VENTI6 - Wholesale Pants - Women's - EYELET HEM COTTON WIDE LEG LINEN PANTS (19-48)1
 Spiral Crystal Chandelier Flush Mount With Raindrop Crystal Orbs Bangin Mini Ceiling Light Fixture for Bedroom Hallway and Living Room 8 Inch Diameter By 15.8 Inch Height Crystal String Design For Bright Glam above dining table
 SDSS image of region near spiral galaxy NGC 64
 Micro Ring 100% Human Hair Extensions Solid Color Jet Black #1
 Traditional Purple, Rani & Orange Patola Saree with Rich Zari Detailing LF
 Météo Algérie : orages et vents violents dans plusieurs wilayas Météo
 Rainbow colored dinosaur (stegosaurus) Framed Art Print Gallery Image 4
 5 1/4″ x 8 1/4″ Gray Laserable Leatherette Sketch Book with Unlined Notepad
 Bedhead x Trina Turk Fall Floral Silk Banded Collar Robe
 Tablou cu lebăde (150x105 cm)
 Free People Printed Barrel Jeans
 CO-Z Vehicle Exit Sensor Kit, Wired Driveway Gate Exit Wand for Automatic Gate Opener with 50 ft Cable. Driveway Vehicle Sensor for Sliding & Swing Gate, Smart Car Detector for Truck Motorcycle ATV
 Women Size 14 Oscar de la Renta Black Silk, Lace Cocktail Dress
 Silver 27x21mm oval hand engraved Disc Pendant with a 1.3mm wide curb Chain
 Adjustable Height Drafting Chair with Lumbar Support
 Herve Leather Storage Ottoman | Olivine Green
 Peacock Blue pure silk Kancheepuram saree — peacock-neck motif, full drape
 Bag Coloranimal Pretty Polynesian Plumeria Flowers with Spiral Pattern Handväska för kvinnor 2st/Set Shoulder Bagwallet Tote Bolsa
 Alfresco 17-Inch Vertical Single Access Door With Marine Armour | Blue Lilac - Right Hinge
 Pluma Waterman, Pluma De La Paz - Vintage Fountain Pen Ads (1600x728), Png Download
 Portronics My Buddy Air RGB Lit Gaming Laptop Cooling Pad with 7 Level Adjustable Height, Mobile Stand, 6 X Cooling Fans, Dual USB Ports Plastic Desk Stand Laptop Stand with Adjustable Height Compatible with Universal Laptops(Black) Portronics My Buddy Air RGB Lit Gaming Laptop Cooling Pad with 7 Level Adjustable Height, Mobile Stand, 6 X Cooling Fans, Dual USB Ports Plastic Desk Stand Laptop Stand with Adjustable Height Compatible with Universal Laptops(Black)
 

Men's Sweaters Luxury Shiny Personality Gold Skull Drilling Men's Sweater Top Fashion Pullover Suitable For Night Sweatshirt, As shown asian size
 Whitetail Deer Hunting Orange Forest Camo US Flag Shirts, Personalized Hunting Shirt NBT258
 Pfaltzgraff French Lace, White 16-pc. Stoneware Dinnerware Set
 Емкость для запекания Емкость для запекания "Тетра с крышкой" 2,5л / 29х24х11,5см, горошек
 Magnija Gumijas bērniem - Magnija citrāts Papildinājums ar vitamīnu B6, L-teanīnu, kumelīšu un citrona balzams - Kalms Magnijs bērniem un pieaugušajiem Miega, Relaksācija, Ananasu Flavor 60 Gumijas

ACTION ITEM: Copy out each line of the data where the string "Blue" appears.

WRITTEN ANSWER:
 Peacock Blue pure silk Kancheepuram saree — peacock-neck motif, full drape
 Alfresco 17-Inch Vertical Single Access Door With Marine Armour | Blue Lilac - Right Hinge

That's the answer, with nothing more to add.